It’s better to be proactive and strategic, where an attorney works with your engineering team — reducing the barriers to getting disclosures on paper, identifying what you should patent and what you should keep secret.
Smart Business spoke with Ronald about developing relationships between engineers and attorneys to build up an IP portfolio.
Why is it important to involve a patent attorney early in the development pathway?
It is critical to set the tone early. Executives that position the business as an innovative company need to make sure their employees are educated about IP, and that the organization is utilizing patents, trade secrets and other forms of IP to protect that value.
Let’s say, a Ph.D. student working with a company wants to publish an article. Some magazines have confidentiality around peer reviewers and some do not. So, a submittal to peer review could be a disclosure that could destroy novelty, thus destroying patentability.
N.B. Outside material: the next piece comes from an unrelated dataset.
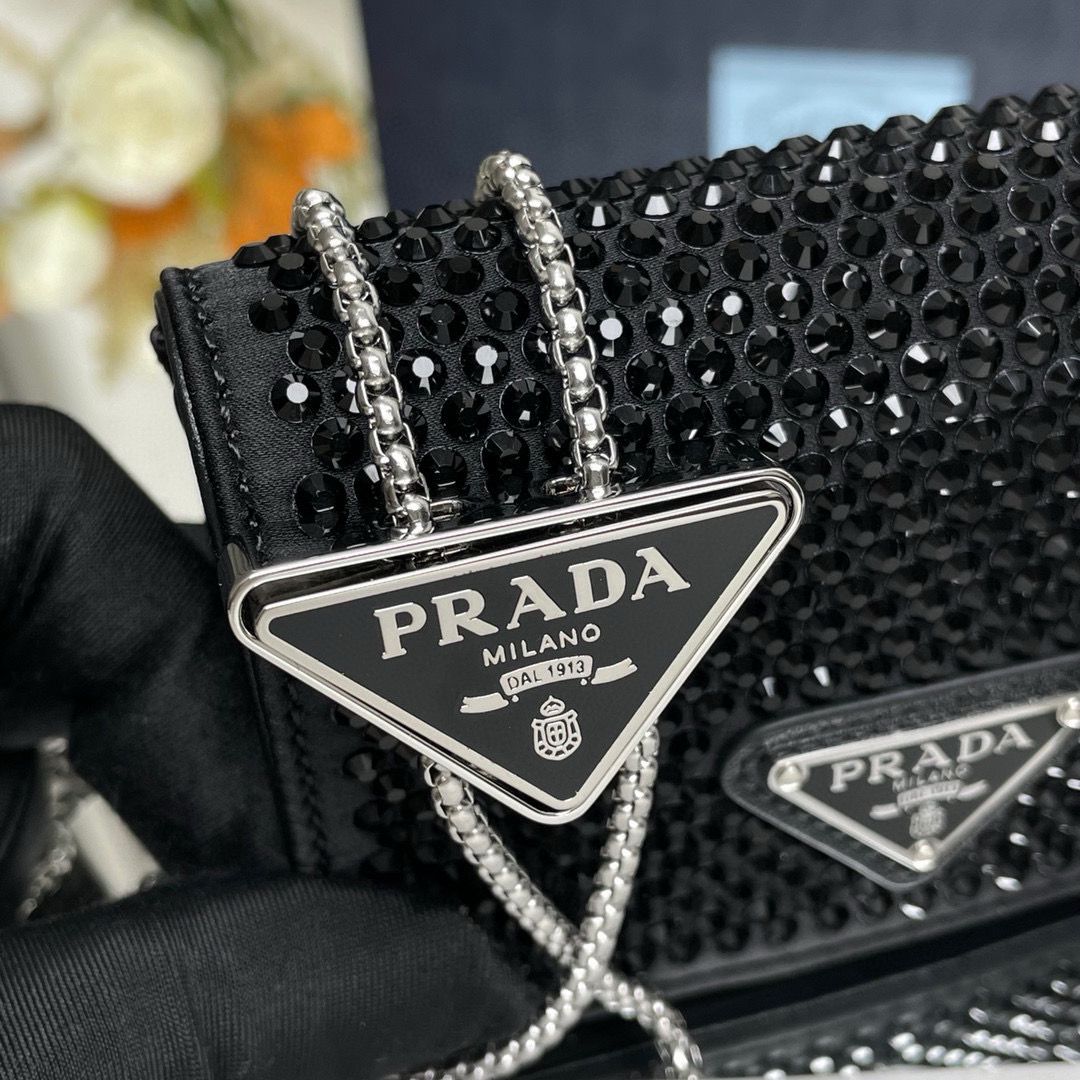 Prada Duchesse card holder with shoulder strap 1MR024 black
While in the U.S., you can disclose something and still file a patent within a year, overseas that is not the case.
Some engineers know about IP but do not understand the nuances around publication or the differences between U.S. and foreign patent laws; others know very little. And some feel hopeless, that the idea will be stolen anyway. If a patent attorney is brought in early, he or she can educate the R&D team about the IP process and pitfalls, while helping establish invention disclosure and incentive programs. This also applies to companies with in-house counsel; they typically prefer to work with an expert who deals with IP every day when these issues arise.
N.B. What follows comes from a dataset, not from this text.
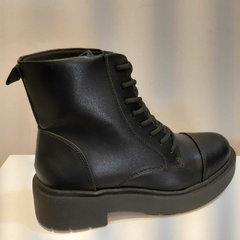 Bota Preta Sua Cia - comprar online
What are invention disclosure and incentive programs? How can an attorney help?
Invention disclosure programs are an organized way to identify and evaluate IP. An invention disclosure document is usually completed by an engineer if the group thinks it has solved a problem in a novel way. This starts the process to see if it infringes on someone else’s IP and protects the advancement if the team is creating something new.
In incentive programs, employees are rewarded, through money or stock, if the company files a patent application that lists them as the inventor. Employees may get another reward if a patent issues. Once incentives are attached to disclosures, the number of disclosures typically increases.
Traditionally, a three- or four-page invention disclosure provides an explanation of the problem being solved, along with the proposed solution. Some members of an engineering team lack interest in finding time to take on the burden of completing this document; having a patent attorney the engineer already knows can help. The attorney can touch base at critical junctions, such as a sprint review, to see what problems have been solved and take verbal disclosures, if appropriate. Or, engineers could email minimal disclosures as they go, and the attorney reviews those with the engineering manager or chief technology officer.
If these procedures are easier to follow, and properly incentivized, then the R&D team and attorney can work together to ensure IP value is maximized.
Why aren’t more companies working closely with an IP attorney early in the product development lifecycle?
While some companies feel they can handle IP on their own, others are concerned about cost. Many law firms, however, are starting to think outside the box with alternative fee arrangements, such as a flat fee for service or a lower initial rate until an agreed-upon amount of capital is raised. If you have an innovative company in a competitive market, it’s never too early to introduce a patent attorney to your engineering team.